**Task to complete:**
Exactly as written, print each of the entries.

++++ Source material ++++

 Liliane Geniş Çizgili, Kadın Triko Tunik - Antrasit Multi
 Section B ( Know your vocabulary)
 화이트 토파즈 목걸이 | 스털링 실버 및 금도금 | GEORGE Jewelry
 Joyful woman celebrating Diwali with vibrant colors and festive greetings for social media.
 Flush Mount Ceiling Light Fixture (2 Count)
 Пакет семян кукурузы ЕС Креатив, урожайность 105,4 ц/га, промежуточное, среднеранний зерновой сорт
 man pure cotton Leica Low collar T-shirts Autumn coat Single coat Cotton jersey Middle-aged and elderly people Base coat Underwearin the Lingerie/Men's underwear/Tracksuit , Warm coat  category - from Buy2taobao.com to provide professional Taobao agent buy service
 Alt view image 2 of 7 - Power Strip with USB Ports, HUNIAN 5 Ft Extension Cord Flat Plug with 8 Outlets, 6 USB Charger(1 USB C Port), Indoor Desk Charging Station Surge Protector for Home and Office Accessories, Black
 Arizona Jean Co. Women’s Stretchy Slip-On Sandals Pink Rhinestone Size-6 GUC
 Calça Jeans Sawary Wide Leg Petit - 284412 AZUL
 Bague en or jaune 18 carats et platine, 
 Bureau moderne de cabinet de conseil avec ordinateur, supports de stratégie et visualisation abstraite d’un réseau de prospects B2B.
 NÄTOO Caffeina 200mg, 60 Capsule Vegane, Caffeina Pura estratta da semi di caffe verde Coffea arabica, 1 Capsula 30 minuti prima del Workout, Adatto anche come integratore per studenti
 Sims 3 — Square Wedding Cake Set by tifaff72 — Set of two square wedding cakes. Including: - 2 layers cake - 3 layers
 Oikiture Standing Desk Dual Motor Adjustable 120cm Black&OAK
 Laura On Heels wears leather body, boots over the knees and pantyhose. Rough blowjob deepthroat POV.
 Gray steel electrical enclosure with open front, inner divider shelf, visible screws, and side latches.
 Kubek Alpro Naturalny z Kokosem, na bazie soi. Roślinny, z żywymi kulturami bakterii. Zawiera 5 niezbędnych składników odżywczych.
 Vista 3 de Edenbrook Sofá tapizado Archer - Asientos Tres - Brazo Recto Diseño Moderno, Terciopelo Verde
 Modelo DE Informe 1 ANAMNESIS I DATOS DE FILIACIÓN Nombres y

++++

**Response box:**
 Liliane Geniş Çizgili, Kadın Triko Tunik - Antrasit Multi
 Section B ( Know your vocabulary)
 화이트 토파즈 목걸이 | 스털링 실버 및 금도금 | GEORGE Jewelry
 Joyful woman celebrating Diwali with vibrant colors and festive greetings for social media.
 Flush Mount Ceiling Light Fixture (2 Count)
 Пакет семян кукурузы ЕС Креатив, урожайность 105,4 ц/га, промежуточное, среднеранний зерновой сорт
 man pure cotton Leica Low collar T-shirts Autumn coat Single coat Cotton jersey Middle-aged and elderly people Base coat Underwearin the Lingerie/Men's underwear/Tracksuit , Warm coat  category - from Buy2taobao.com to provide professional Taobao agent buy service
 Alt view image 2 of 7 - Power Strip with USB Ports, HUNIAN 5 Ft Extension Cord Flat Plug with 8 Outlets, 6 USB Charger(1 USB C Port), Indoor Desk Charging Station Surge Protector for Home and Office Accessories, Black
 Arizona Jean Co. Women’s Stretchy Slip-On Sandals Pink Rhinestone Size-6 GUC
 Calça Jeans Sawary Wide Leg Petit - 284412 AZUL
 Bague en or jaune 18 carats et platine, 
 Bureau moderne de cabinet de conseil avec ordinateur, supports de stratégie et visualisation abstraite d’un réseau de prospects B2B.
 NÄTOO Caffeina 200mg, 60 Capsule Vegane, Caffeina Pura estratta da semi di caffe verde Coffea arabica, 1 Capsula 30 minuti prima del Workout, Adatto anche come integratore per studenti
 Sims 3 — Square Wedding Cake Set by tifaff72 — Set of two square wedding cakes. Including: - 2 layers cake - 3 layers
 Oikiture Standing Desk Dual Motor Adjustable 120cm Black&OAK
 Laura On Heels wears leather body, boots over the knees and pantyhose. Rough blowjob deepthroat POV.
 Gray steel electrical enclosure with open front, inner divider shelf, visible screws, and side latches.
 Kubek Alpro Naturalny z Kokosem, na bazie soi. Roślinny, z żywymi kulturami bakterii. Zawiera 5 niezbędnych składników odżywczych.
 Vista 3 de Edenbrook Sofá tapizado Archer - Asientos Tres - Brazo Recto Diseño Moderno, Terciopelo Verde
 Modelo DE Informe 1 ANAMNESIS I DATOS DE FILIACIÓN Nombres y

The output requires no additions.